Sunday, February 26, 2006


The Obesity Wars

I was reading a news article about the U.S. Department of Veteran Affairs and their drawing up of 'battle lines' against obesity. I always love these sort of new programs that target social bads in an effort to better then world, especially when using someone else's money. Just read the lines spewed from the mouth of VA Secretary Jim Nicholson:

"I feel we have a responsibility to better educate our veterans."

Gotta love these sort of folks. How do they sleep at night, when we have this obesity epidemic? I know I can't....

Commentary on our epidemic: Center for Disease Control, Halting the Obesity Epidemic, Harvard on the Worldwide Obesity Epidemic

My response is two-fold:

First, this War-on-Obesity seems to be, at least in part, a symptom of the creeping welfare state. If I'm paying for the healthcare of the obese, I have an incentive to make them my business.

The other part of this movement's genesis seems to come directly from a central planning mentality. Elitist planners have an ideal population in mind; everyone must be 5'6" and weight 164 lbs. They must commute to work on foot, bicycle or segue and they cannot smoke, watch football or drink beer.

I think the second part is creepier, but the first part more dangerous. The Welfare State gives a reason to ordinary, non-Big-Brother Americans to care about everyone else's business: things they would not ordinarily care about. Like the nutrition, bathing habits and vices of their neighbors. It uses incentives to make all Americans into Central Planners.

Your posts are always great for conversation. :)


As are your posts. :-D

But Personally, I don’t think we’ve started spiraling down that road to serfdom just yet. A country run by “elitist planners” demanding we all be identically fit cogs would be a very scary place, but I don’t think that’s the reality in the US of A.

This program is exclusively for veterans receiving health care from the VA. The health care they receive is paid for by the tax payers as part of their compensation for serving in the military. This sounds less like a welfare check and more like contractually obligated payment for services rendered to me.

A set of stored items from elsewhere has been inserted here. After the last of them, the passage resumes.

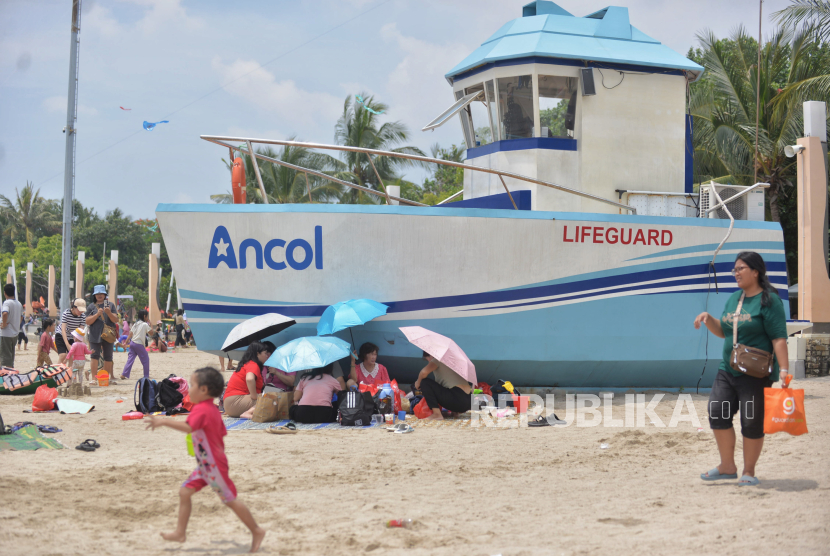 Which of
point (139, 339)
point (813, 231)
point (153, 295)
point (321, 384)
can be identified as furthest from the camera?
point (153, 295)

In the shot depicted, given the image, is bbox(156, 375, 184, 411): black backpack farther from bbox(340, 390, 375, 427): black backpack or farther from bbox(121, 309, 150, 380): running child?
bbox(121, 309, 150, 380): running child

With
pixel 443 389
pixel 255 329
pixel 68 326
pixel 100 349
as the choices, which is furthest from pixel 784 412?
pixel 68 326

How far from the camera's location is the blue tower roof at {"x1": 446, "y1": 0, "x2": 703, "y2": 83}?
11508 mm

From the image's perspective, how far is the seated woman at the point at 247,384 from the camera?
30.5 ft

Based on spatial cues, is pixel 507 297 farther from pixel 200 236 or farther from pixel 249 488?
pixel 249 488

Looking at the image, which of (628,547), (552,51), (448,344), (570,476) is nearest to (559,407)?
(448,344)

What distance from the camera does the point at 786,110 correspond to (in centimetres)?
2142

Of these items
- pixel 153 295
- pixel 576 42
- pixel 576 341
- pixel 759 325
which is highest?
pixel 576 42

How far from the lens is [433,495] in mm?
5422

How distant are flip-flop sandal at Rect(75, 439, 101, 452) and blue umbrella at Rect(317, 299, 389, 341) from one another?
9.89 ft

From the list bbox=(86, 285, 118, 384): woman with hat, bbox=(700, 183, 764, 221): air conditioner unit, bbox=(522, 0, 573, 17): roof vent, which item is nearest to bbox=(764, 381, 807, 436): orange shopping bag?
bbox=(700, 183, 764, 221): air conditioner unit

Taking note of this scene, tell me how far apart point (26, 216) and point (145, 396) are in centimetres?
5908

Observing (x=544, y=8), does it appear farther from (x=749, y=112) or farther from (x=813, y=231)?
(x=749, y=112)

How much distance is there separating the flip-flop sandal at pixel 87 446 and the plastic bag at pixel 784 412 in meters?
5.78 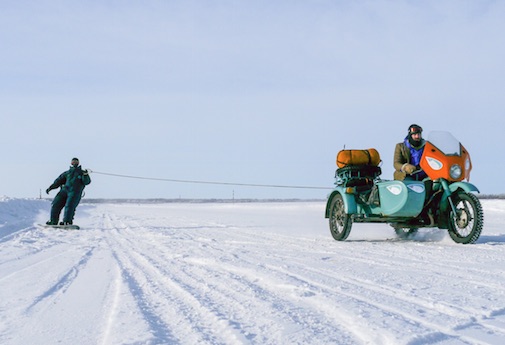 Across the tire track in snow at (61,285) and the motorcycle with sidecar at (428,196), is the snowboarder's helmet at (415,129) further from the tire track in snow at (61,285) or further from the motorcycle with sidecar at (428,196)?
the tire track in snow at (61,285)

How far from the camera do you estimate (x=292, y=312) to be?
3455mm

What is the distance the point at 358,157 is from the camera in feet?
32.5

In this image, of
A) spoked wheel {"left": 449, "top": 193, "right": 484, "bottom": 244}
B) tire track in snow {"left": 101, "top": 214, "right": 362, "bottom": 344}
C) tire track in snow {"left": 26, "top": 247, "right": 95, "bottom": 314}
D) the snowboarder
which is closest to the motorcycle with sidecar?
spoked wheel {"left": 449, "top": 193, "right": 484, "bottom": 244}

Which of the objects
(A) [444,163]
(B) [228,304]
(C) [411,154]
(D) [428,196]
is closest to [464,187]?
(A) [444,163]

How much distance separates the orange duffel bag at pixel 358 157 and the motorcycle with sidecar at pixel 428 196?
0.10 ft

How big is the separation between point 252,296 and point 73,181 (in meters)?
11.1

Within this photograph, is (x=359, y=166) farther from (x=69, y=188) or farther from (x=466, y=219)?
(x=69, y=188)

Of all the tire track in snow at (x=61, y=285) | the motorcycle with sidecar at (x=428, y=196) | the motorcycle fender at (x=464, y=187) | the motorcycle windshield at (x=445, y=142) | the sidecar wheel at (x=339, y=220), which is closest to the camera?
the tire track in snow at (x=61, y=285)

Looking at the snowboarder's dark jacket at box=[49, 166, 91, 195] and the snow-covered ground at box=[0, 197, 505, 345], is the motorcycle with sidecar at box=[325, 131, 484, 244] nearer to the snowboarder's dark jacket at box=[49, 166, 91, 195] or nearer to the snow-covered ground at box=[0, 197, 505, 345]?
the snow-covered ground at box=[0, 197, 505, 345]

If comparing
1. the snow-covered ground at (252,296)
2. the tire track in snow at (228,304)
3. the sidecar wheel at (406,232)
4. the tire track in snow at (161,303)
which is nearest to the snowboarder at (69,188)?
the snow-covered ground at (252,296)

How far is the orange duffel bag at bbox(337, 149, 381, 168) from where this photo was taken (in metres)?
9.91

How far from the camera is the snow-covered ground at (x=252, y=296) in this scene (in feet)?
9.72

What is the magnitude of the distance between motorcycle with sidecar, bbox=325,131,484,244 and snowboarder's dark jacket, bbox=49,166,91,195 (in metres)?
7.22

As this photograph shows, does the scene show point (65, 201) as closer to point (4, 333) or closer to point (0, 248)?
point (0, 248)
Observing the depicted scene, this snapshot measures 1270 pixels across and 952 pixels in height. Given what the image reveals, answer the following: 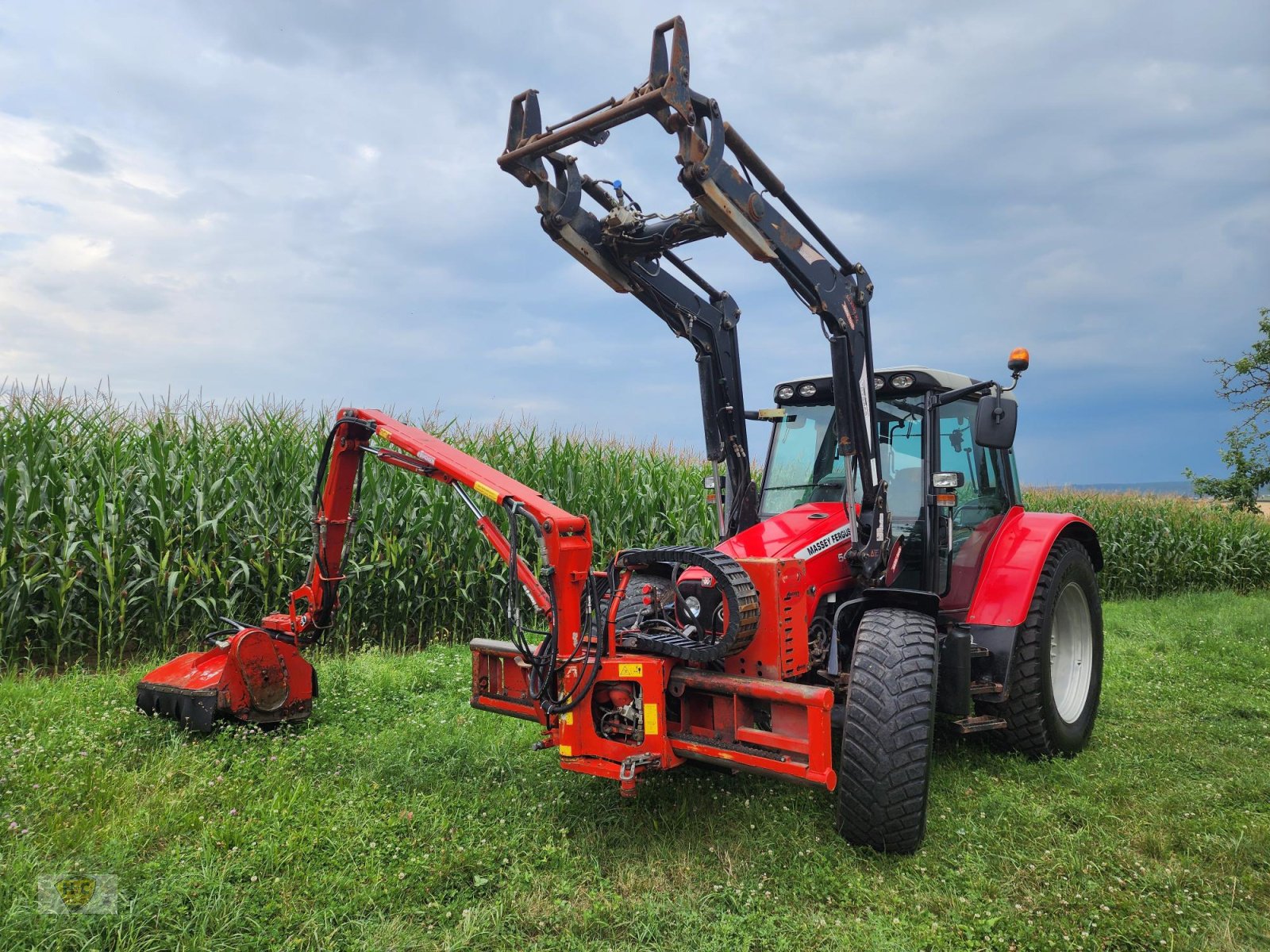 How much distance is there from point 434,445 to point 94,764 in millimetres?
2399

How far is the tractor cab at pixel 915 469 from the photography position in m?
4.91

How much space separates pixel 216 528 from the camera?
7.09 meters

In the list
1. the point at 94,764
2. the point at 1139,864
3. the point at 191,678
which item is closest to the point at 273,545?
the point at 191,678

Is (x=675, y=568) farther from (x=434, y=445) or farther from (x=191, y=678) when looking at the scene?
(x=191, y=678)

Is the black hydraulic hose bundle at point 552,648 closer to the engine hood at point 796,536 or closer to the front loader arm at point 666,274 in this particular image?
the engine hood at point 796,536

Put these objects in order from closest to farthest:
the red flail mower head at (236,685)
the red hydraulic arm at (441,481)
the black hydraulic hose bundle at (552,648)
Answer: the black hydraulic hose bundle at (552,648)
the red hydraulic arm at (441,481)
the red flail mower head at (236,685)

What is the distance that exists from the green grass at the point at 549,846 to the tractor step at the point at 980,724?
0.90ft

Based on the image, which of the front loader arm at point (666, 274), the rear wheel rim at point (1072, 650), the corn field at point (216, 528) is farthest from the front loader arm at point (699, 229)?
the corn field at point (216, 528)

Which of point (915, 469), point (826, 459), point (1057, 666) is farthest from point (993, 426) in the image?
point (1057, 666)

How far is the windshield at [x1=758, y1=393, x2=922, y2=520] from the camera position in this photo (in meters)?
5.13

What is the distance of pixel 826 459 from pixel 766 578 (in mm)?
1615

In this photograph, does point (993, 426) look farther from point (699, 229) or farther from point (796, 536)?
point (699, 229)

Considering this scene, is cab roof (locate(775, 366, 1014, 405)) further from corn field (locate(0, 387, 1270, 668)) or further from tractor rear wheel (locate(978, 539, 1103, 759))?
corn field (locate(0, 387, 1270, 668))

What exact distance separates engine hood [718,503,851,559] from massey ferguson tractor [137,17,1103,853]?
20 millimetres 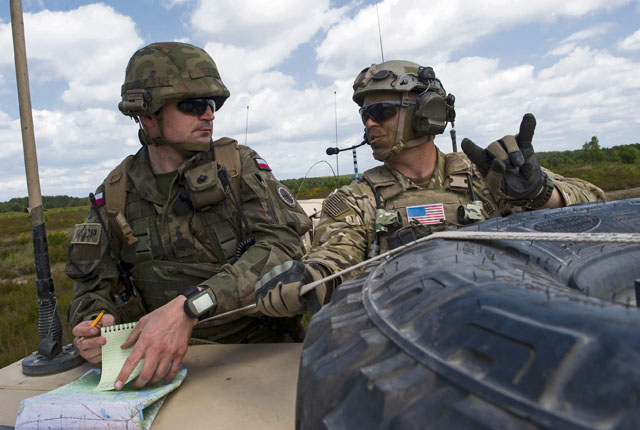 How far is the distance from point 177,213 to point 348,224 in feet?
3.04

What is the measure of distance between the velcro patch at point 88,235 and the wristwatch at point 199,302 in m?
0.92

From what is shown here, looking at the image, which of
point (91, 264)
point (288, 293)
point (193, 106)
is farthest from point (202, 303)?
point (193, 106)

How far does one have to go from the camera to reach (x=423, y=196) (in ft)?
8.11

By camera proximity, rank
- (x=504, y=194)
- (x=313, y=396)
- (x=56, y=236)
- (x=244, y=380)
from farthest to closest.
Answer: (x=56, y=236), (x=504, y=194), (x=244, y=380), (x=313, y=396)

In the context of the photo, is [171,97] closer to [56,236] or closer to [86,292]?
[86,292]

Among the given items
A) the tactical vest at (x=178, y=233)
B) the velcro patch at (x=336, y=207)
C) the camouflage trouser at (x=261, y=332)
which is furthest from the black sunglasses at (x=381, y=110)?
the camouflage trouser at (x=261, y=332)

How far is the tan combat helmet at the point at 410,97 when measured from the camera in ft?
8.21

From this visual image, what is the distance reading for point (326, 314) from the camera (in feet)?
2.82

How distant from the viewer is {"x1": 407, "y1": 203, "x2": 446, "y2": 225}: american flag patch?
239cm

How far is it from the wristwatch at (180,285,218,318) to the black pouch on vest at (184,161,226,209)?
0.67 m

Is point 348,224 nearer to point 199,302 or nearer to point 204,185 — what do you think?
point 204,185

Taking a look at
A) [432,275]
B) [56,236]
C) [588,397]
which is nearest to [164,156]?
[432,275]

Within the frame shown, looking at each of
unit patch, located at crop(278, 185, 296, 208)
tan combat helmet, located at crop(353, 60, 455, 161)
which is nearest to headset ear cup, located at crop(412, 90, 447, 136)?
tan combat helmet, located at crop(353, 60, 455, 161)

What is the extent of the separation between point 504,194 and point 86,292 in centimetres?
214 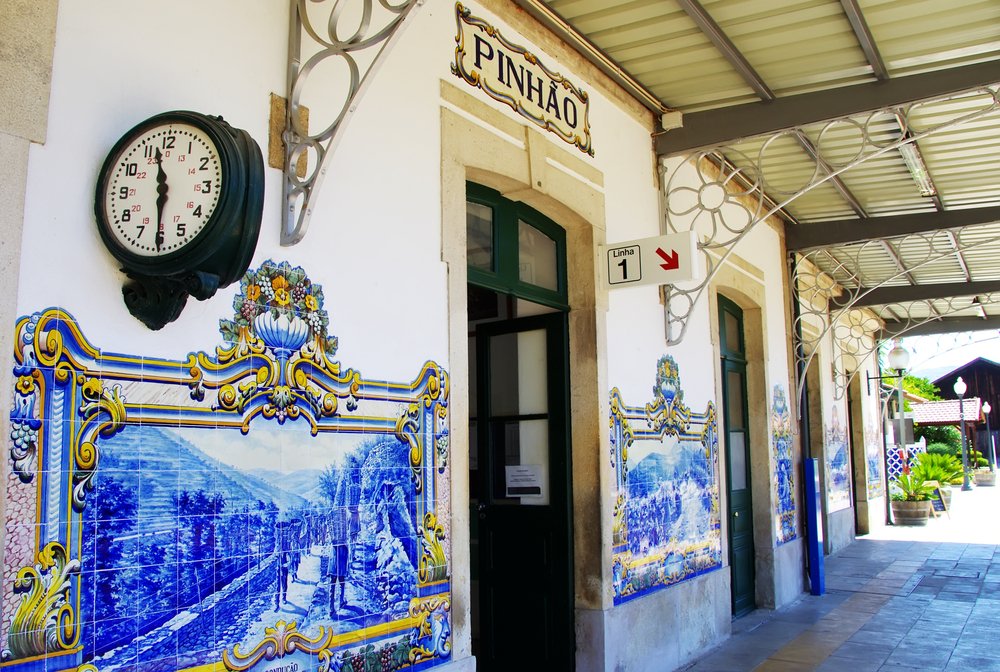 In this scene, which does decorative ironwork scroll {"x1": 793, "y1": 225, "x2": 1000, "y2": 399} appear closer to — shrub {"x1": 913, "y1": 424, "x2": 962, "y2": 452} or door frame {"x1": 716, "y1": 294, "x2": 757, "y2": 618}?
door frame {"x1": 716, "y1": 294, "x2": 757, "y2": 618}

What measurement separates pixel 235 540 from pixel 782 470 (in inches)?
287

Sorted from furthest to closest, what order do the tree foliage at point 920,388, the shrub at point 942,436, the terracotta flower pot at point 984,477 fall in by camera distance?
the tree foliage at point 920,388, the shrub at point 942,436, the terracotta flower pot at point 984,477

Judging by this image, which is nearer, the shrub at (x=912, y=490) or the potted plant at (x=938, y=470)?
the shrub at (x=912, y=490)

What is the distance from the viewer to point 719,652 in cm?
667

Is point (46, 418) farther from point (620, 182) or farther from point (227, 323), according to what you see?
point (620, 182)

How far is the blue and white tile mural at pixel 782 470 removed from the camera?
8875 mm

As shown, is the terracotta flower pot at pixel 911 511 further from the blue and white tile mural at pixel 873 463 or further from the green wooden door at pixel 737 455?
the green wooden door at pixel 737 455

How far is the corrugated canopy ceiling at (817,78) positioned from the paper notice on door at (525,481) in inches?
101

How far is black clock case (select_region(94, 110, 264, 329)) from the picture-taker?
2.53 metres

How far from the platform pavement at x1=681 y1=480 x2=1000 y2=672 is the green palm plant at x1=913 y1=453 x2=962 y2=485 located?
171 inches

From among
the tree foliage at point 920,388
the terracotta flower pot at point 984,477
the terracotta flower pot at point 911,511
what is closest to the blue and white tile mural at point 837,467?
the terracotta flower pot at point 911,511

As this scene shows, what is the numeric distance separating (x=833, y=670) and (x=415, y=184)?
14.9ft

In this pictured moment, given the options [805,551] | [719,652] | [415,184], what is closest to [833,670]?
[719,652]

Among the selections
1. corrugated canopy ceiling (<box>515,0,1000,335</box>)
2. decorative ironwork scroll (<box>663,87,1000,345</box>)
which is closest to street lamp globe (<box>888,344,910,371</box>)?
corrugated canopy ceiling (<box>515,0,1000,335</box>)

Now since we are paying for it, like you pointed out, we are more interested in verteran’s health than we would be otherwise. But I find that natural, not unnerving. For example, I am also more interested in the personal habits of active members of the military (or powerful politicians) than I would be otherwise, precisely because I am “paying” for the services they are providing.

Now you may disagree with these arrangements. I know I can think of lots objections (though I don’t believe them all). After all, the contract between the individual soilder and the military is voluntary, but taxpayers are “forced” to honor the agreement through taxation. So maybe I am being misleading by describing the relationship as a payment-of-services.

But this argument is pretty watered down and could be made against any government activity funded by taxation. No Orwellian-dystopia allusions required. :P
Indeed Dallas. Because of an increase in government interaction with the health care market, we no longer pay for our own risky behavior and the consequences there of. This particular example was for Veterans and so it excuses the program to an extent -- by attempts to minimize the quantity of coerced dollars. However, this war on obesity seems prevalent almost everywhere -- in schools with sodas and snack machines, at the fast food joints, in the FDA, and in other proposed laws and paternalistic agenda. It is true that we are not yet at that Orwellian crossroad, but it takes little to bring us the rest of that way.